Als dieser Film im Jahre 2009 auf dem berühmten Indie Filmfestival Tribeca lief, ließen Filmkritiker kein gutes Haar an ihm. Was vor allem den amerikanischen Kollegen auffiel war, dass irgendwie nichts an der Ausstattung stimmte. Das war offensichtlich nicht New England in den 80ern. Die Häuser sind falsch, die Pflanzen auch, die Nummerschilder ebenfalls. Da hat die Ausstattungsabteilung ganz schön geschlampt. Accidents Happen will uramerikanisch sein, ist es aber nicht, denn der Film wurde in Australien gedreht. Das ist schade, ein wenig Mut zum Bekenntnis seiner Herkunft hätte dem Film nicht geschadet. Es kränkelt hier und da auch am Drehbuch und an den mitunter stereotyp gezeichneten Charakteren. Nichtsdestotrotz ist dieser Film etwas Besonderes.

Schon etliche Filmemacher haben sich im Genre der Dramödie (Drama-Komödie) versucht — und sind kläglich gscheitert. Das große Spiel mit den Gefühlen des Zuschauers muss wohl dosiert und intelligent eingesetzt sein. Das klappt nur selten — und genau das ist hier der Fall: Wenn man aufhört zu weinen, muss man schon lachen. Und wenn das Lachen gerade verklungen ist, muss man schon wieder weinen. Geena Davis hat hier wohl ihre beste Rolle. Als vom Leben ordentlich in den Hintern getretene und verlassene Mutter, die einfach nicht mehr weiß, wie sie es besser machen soll, beschert sie und ihr vulgärer Humor einen Lacher nach dem anderen. Man möchte sich ihre Sprüche merken und auf der nächsten Party erzählen. Ihr gelingt die Meisterleistung, einerseits verletzlich und menschlich zu wirken und andererseits wie ein großes Schlachtschiff zu erscheinen, das unbewegt die permanent schwere See eines äußerst chaotischen Familienlebens durchpflügt.
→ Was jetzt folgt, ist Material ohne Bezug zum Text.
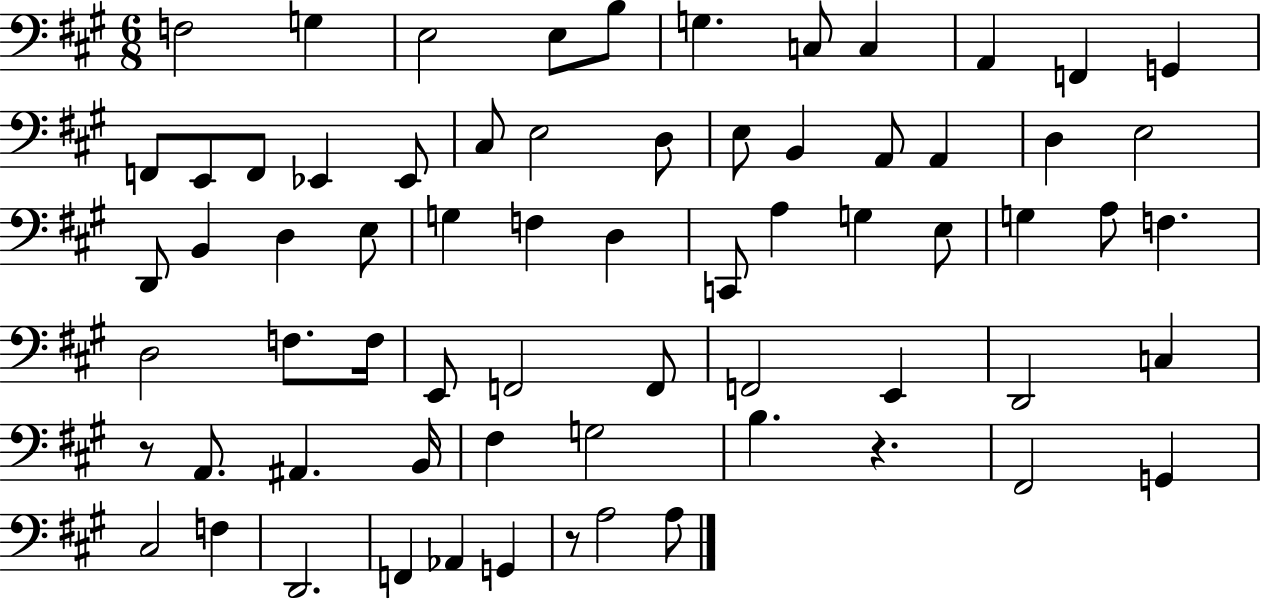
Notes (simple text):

F3/h G3/q E3/h E3/e B3/e G3/q. C3/e C3/q A2/q F2/q G2/q F2/e E2/e F2/e Eb2/q Eb2/e C#3/e E3/h D3/e E3/e B2/q A2/e A2/q D3/q E3/h D2/e B2/q D3/q E3/e G3/q F3/q D3/q C2/e A3/q G3/q E3/e G3/q A3/e F3/q. D3/h F3/e. F3/s E2/e F2/h F2/e F2/h E2/q D2/h C3/q R/e A2/e. A#2/q. B2/s F#3/q G3/h B3/q. R/q. F#2/h G2/q C#3/h F3/q D2/h. F2/q Ab2/q G2/q R/e A3/h A3/e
Auch die Darsteller ihrer verbliebenen Kinder verblassen nicht neben ihrer Meisterleistung. Zwar schlagen sie ungleich leisere Töne an, doch sind sie es, die die tieftraurigen Momente tragen.

Accidents Happen ist ein hartes Stück Emotionsarbeit, dass an keinem Zuschauer gefühllos vorbeigehen wird. Ja er ist keineswegs fehlerfrei, aber der Film hat Seele und ist großartige Unterhaltung zugleich.

Accidents Happen

Ein Kind spielt mit dem Sprinkler im Garten. Nebenan ein alter Mann, der gerade seinen Grill anwirft. Der Mann fängt Feuer und rennt in Zeitlupe auf den Sprinkler und damit auf das Kind zu, vor dessen Augen er verbrennt. Das Kind versucht erschrocken davon zu kommen und rennt postwendend gegen den hauseigenen Fahnenmast.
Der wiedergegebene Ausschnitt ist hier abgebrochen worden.